Guitar skronks, saxophone wails and drum beats mingled in a Roseville warehouse as Willie & the Bees rehearsed for their first gig in 14 years.

"I always want our music to have everything in it," said Willie Murphy, a charter member of the Minnesota Music Academy Hall of Fame along with Bob Dylan and Prince. "I want it to be dance-y and funky. I want it to have really good vocal harmonies. I want there to be really good lyrics and jazzy horn parts."

Willie & the Bees kept Minnesotans dancing from 1971 to '84 with their compelling amalgam of blues, jazz, funk, R&B, rock and soul music. The lyrics were often provocative and political, making people think as well as party.

Over the years, there have been requests for reunion shows, but the offers weren't adequate for this large band — 10 to 12 members — and the work it takes to bring the players and music together. Murphy said when the Cabooze booker requested they perform for the West Bank bar's 40th anniversary series, the time just felt right.

Thirteen members — many from the band's beginning — will play the reunion on Friday at the Cabooze.

Rounding up the Bees wasn't easy. "We called everybody," Murphy said recently over vegetarian pho. "Three people are dead, two very valuable people can't make it. Jose James is on the road. Mark Bryn was our keyboard player and resident genius.
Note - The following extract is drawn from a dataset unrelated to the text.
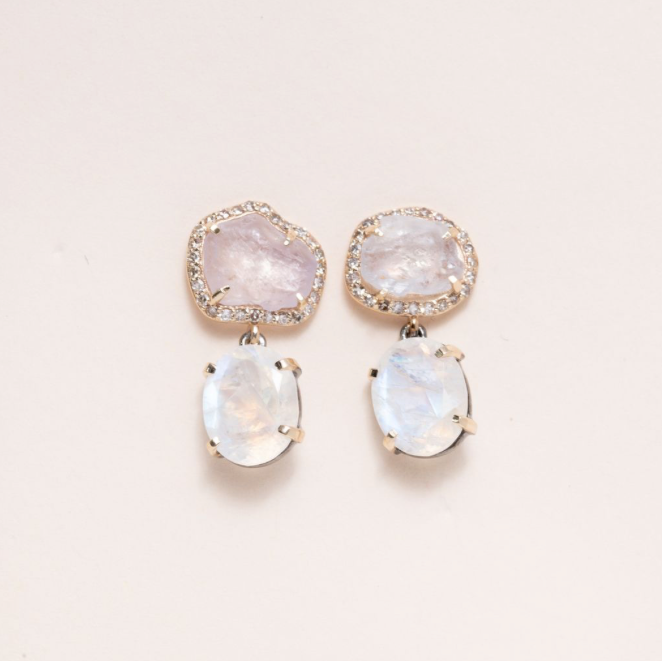Natural Sapphire, Moonstone, 14K Gold & Pave Diamond Drop Earrings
He's a truck driver, of all things, and on the road."

So Murphy recruited Jason Craft, who plays with him at the Blues Jam on Mondays at the Richfield American Legion. "He's real hot," Murphy said. "There are leads I want him to take on synthesizer."

With only six weeks to rehearse and relearn songs, the Bees practiced intensely, quickly communicating corrections and coordination between instruments and vocals.

They selected 20 songs.

"I asked everybody to write down the songs they wanted to do. And we have hundreds," Murphy pointed out. "The songs that kept coming up the most were mostly originals. I love doing a lot of the covers, and we'll do a few," including James Brown's disco-era dance single "The Spank."

"Most of the cover songs were rearranged in my way," he said. "I just thought the quality of the originals is higher in a musical sense. If we're going to do this — this might be our last one — I want to do what we think is our most quality stuff."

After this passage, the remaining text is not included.